According to Upper School Mandarin language teacher and trip leader, Joy Chang, the students expressed the trademark go-getter Principia spirit. Whether singing songs in Chinese at Karaoke, trying new foods, discussing complex topics with local students, participating in community service, or presenting about Principia and its core values in Chinese to Taiwanese students, nothing was too much for these intrepid explorers. “I feel like this trip is an extension of the classroom. We bring what we learned in this small classroom to the rest of the world,” says Chang. 
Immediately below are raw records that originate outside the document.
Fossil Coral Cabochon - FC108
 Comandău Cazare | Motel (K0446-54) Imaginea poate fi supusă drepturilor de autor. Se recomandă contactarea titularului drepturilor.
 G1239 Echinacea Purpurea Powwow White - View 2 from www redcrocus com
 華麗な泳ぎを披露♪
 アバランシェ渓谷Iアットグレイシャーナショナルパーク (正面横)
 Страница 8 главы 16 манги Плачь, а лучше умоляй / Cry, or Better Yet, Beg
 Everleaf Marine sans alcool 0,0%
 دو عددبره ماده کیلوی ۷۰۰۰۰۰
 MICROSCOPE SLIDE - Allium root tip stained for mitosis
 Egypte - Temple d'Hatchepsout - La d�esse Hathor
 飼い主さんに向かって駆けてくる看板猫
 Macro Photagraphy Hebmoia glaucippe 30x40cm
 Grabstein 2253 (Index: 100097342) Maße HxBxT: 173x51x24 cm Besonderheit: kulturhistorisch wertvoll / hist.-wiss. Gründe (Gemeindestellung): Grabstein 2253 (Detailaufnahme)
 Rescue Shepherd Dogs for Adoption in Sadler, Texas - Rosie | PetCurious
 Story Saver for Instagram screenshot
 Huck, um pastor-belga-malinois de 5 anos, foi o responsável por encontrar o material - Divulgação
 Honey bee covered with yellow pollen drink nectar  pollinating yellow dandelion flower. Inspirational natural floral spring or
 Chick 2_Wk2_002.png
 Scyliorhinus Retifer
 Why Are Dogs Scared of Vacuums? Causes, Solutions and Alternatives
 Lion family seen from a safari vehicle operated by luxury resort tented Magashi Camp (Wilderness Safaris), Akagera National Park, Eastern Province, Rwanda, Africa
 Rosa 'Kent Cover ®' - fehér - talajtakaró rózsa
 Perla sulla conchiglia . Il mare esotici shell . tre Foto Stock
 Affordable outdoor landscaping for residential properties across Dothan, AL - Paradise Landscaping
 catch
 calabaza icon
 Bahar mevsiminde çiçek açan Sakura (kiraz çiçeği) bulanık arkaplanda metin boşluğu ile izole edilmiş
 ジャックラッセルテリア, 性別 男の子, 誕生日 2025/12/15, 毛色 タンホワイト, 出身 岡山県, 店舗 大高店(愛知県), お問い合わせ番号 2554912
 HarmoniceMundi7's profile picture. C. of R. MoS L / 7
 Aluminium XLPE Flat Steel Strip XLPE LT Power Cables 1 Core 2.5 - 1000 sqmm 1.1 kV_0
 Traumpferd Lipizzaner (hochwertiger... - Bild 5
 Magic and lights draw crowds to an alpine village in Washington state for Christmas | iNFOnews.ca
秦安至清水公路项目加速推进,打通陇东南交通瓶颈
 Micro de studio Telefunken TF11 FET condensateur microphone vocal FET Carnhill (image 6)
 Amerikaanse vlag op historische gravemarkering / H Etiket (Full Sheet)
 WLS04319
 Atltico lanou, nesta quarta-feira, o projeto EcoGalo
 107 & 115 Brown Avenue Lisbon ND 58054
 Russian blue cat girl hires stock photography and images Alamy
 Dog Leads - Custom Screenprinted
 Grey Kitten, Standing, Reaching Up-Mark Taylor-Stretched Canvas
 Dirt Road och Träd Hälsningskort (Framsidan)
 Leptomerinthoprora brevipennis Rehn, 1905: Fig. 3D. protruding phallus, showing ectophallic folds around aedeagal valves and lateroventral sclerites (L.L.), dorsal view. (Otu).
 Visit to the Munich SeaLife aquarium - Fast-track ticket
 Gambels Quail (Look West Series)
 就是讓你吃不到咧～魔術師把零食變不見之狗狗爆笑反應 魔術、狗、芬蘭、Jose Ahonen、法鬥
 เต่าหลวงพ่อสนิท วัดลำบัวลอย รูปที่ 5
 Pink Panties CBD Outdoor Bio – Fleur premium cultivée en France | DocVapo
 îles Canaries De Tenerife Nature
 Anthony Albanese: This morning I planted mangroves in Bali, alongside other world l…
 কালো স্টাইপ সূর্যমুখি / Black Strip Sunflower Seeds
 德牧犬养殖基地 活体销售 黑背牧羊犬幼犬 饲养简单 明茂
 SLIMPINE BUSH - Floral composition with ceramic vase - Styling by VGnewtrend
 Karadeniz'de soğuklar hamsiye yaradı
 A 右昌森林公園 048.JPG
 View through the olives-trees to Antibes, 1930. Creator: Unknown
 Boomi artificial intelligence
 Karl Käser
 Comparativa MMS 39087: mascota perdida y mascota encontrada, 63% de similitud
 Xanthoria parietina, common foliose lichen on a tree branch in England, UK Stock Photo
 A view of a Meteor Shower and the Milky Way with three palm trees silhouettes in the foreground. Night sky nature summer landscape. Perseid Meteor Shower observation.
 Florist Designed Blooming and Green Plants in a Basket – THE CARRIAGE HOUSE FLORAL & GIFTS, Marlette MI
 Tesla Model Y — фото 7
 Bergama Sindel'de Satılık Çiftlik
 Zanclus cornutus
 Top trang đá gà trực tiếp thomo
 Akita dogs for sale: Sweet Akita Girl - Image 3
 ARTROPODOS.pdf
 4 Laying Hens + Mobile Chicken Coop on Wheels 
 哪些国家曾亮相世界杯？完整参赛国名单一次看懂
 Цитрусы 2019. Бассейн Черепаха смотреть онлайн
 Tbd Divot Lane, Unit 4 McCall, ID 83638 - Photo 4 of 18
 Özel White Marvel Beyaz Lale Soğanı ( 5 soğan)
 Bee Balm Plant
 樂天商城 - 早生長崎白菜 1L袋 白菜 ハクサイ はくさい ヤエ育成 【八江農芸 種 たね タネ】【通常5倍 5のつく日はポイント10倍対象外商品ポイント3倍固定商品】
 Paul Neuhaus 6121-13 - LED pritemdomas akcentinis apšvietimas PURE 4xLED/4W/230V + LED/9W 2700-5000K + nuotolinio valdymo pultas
The trip’s subway game was a great example of Chang’s philosophy. Splitting the students into two groups and pairing them with a chaperone, students were encouraged to navigate through the Taiwanese subway to a destination of Chang’s choosing. Their adult chaperones, while watching over them for their safety, did not contribute or guide the students. The students learned invaluable lessons of independence, communication, and perseverance—even requesting to navigate back to their hotel the same way.

“That was probably my favorite part,” says Chang. “To see them get out of their comfort zones and work together to navigate the subway system. It was amazing!” 

Reflecting on the trip, Chang notes the value of Principia’s educational travel: “Principia trips provide an entryway for students to explore the world. I can do my best to mimic the real world and maybe bring in a guest or have them talk with native speakers, but it's nothing like being in the environment.”